Very important question


----------



## o-nami

Yes, the root and the meaning are the same.


----------



## Flaminius

Hi,

It can be a noun (ablative of _afflatus_, _-ūs_) but it can be the supine of the verb (again, in ablative).  If you have a specific instance of _afflatu_ in mind, we should look at the context to determine which is the case.


----------



## seafarer

o-nami said:


> Yes, the root and the meaning are the same.


 
Thanks


----------



## seafarer

Flaminius said:


> Hi,
> 
> It can be a noun (ablative of _afflatus_, _-ūs_) but it can be the supine of the verb (again, in ablative). If you have a specific instance of _afflatu_ in mind, we should look at the context to determine which is the case.


 
Thanks a lot 
and can you tell me the different between "afflatu" and "afflatus"??
Can you use  sentence to teach me??
Thanks


----------



## Imber Ranae

seafarer said:


> Thanks a lot
> and can you tell me the different between "afflatu" and "afflatus"??
> Can you use  sentence to teach me??
> Thanks



Are you undertaking a study of Latin, or do you just want to translate something from Latin? If the case is the latter, you'll need to have it translated for you by someone who has studied the language, of which there are many here. But you can't just do it yourself when you have no familiarity with the language.
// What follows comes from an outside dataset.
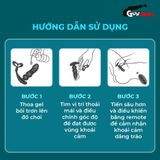 Que rung hậu môn hình dương vật Shelly Play Willow chính hãng cao cấp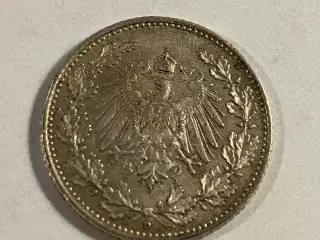 1/2 Mark 1913 Germany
If you are studying Latin, however, you'll need to devote yourself to learning _all_ of the grammar. The difference between _afflatus_ and _afflatu_ cannot be fully grasped until you understand the case system of Latin nouns. _Afflatus_ is a noun in the nominative case, which is used as the grammatical subject of a sentence or clause. _Afflatu_ is the same noun in the ablative case, but there's no quick way to summarize how the ablative case is used. It can mean many different things depending on context.


----------



## seafarer

Imber Ranae said:


> Are you undertaking a study of Latin, or do you just want to translate something from Latin? If the case is the latter, you'll need to have it translated for you by someone who has studied the language, of which there are many here. But you can't just do it yourself when you have no familiarity with the language.
> 
> If you are studying Latin, however, you'll need to devote yourself to learning _all_ of the grammar. The difference between _afflatus_ and _afflatu_ cannot be fully grasped until you understand the case system of Latin nouns. _Afflatus_ is a noun in the nominative case, which is used as the grammatical subject of a sentence or clause. _Afflatu_ is the same noun in the ablative case, but there's no quick way to summarize how the ablative case is used. It can mean many different things depending on context.


 
Hehe....i'm not study any bit of Latin
But i think Latin is a beautiful language
and infact, i just want to use this word as a name
so i don't know which one suit my request
hope you can help,i know you must be a skillful language learner
Thanks a lot


----------